Sin ánimo de tocar una nota discordante con el nivel de respeto y de solemnidad que merece nuestro Congreso, debo señalar que el proyecto de Le que hoy se presenta a vistas públicas adolece de grandes vacíos históricos y jurídicos. Probablemente sean lagunas hijas más de la prisa y del fervor anti-santanista que del desconocimiento. Pero el caso es que a causa de sus deficiencias, la calidad del producto legislativo y la salvaguarda del sentimiento genuino de la nacionalidad sufrirían un grave revés con su aprobación.
Sin lugar a duda el Congreso tiene la autoridad constitucional para decidir sobre el futuro de los restos del general Libertador. Pero este mismo Congreso tiene también la sabiduría para no sancionar una pieza cuestionable desde varios puntos de vista. Este venerable organismo de la Patria, cuenta en su matrícula con ciudadanos conscientes de que el primer Poder del Estado no debe tomar decisiones fundadas en argumentos pasionales en detrimento de la razón.
El desahucio es una figura humillante para cualquier ser humano, y es precisamente lo que en el fondo encierra la iniciativa que pretende desalojar del sitial de los inmortales al Libertador Pedro Santana. Igual que ningún beisbolista ingresa al Salón de la Fama por los ponches que haya recibido, ni por sus faults, ni por sus pifias, sino por sus méritos, asimismo ningún prócer ingresa al Panteón de la Patria por sus errores, sino por sus merecimientos. Si por sus errores fuera, habría que decretar un desalojo masivo de los altares donde habitan los restos de nuestros grandes héroes.
Si tuviéramos que juzgar al insigne general Ramón Mella, no por sus grandes aportes a la independencia nacional, sino por haber sido uno de los hombres más leales al general Pedro Santana, y por haber gestionado que la República se pusiera bajo la protección de España, entonces a alguien más se le pudiera ocurrir someter otro proyecto de Ley similar al que hoy discutimos. Y eso no puede ser.

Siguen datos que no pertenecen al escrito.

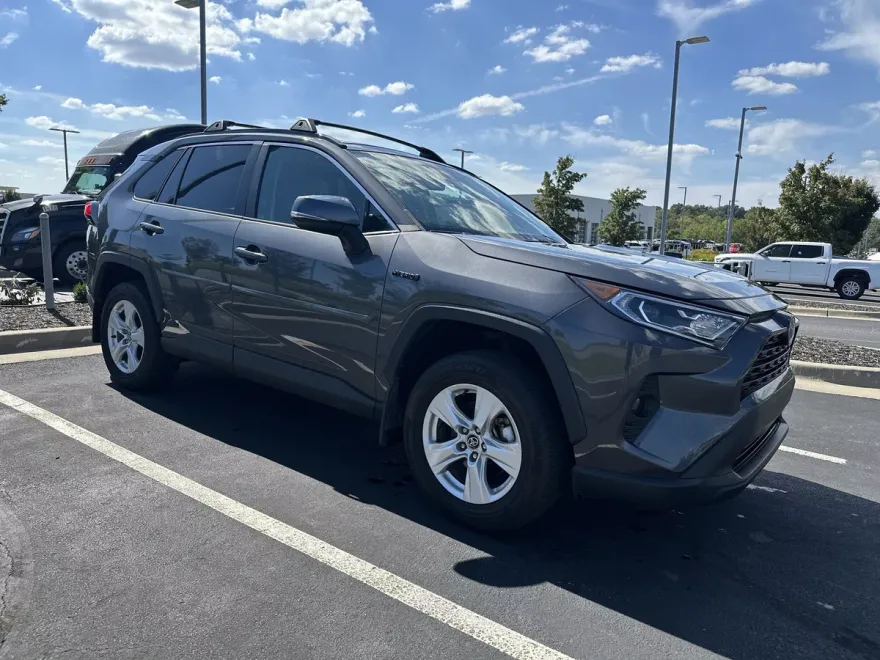 2021 Toyota RAV4 Hybrid XLE photo 1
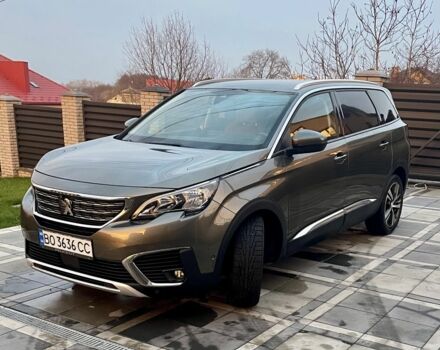 Серый Пежо 5008, объемом двигателя 1.6 л и пробегом 222 тыс. км за 21000 $, фото 3 на Automoto.ua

Si tuviéramos que juzgar al insigne general Francisco del Rosario Sánchez, no por sus desvelos para emancipar el país del yugo haitiano, sino por haber terminado sus días aliado a ese mismo Estado enemigo de la República, y por haber declarado al general Pedro Santana, el Padre del pueblo y el elegido tantas veces por la providencia para salvar la República, entonces también a alguien más se le pudiera ocurrir otro proyecto de Ley. Y eso no puede ser.
Si tuviéramos que juzgar al preclaro general Juan Pablo Duarte, no por haber fundado la República, sino por no haberse acogido a los indultos decretados a su favor para regresar al país y salvar sus circunstancias políticas, entonces también a alguien más se le pudiera ocurrir otro proyecto de Ley. Y eso no puede ser.

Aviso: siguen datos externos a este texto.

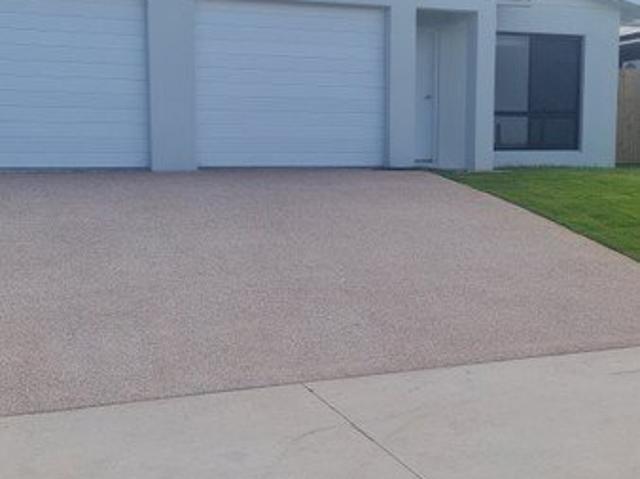 Brand new 3 bedroom Dulpex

Si tuviéramos que juzgar al intrépido general Gaspar Polanco, no por haber sido el gran héroe de la Guerra Restauradora, sino por haber decidido el asesinato de Pepillo Salcedo, entonces también a alguien más se le pudiera ocurrir otro proyecto de Ley. Y eso no puede ser.

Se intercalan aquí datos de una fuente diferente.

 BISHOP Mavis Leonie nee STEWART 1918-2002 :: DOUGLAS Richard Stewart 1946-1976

Y si tuviéramos que juzgar al glorioso brigadier Juan Sánchez Ramírez, no por haber salvado las raíces hispánicas de la dominicanidad, sino por haberse opuesto a la fundación de una república independiente como quiso Ciriaco Ramírez, para en cambio reincorporar el territorio a España, también a alguien más se le pudiera ocurrir otro proyecto de Ley. Y eso no puede ser.
De manera, que el Altar de la Patria es un recinto sagrado, y el prócer que por sus méritos ingresa a ese espacio augusto, no debe ser desalojado por sus errores, a lo que añadimos, que no hay institución más idónea que el Congreso para velar por el cumplimiento de ese principio.
Quienes han estudiado los textos históricos de José Gabriel García, Emilio Rodríguez Demorizi, César Herrera Cabral y Frank Moya Pons, entre otros, saben muy bien lo que ocurrió en este país durante el mes de julio de 1844, cuando en franca violación del Manifiesto de Independencia firmado el 16 de enero de 1844 por los Trinitarios, y entre ellos por los hermanos Santana, el general Juan Pablo Duarte fue proclamado en Santiago Presidente de la República por el General Ramón Mella sin haberse todavía convocado a elecciones y sin haberse conformado la Constituyente. Ese hecho constituyó un golpe de Estado contra el orden establecido representado por la Junta de gobierno dirigida por Francisco del Rosario Sánchez y estuvo a punto de derivar en una guerra civil, lo que habría provocado un debilitamiento interno favorable a las pretensiones de Haití.
De manera que tratar de justificar la pieza mediante el simple argumento de que “es precisamente Pedro Santana Familias que exilió al patricio Juan Pablo Duarte” deja mucho que desear.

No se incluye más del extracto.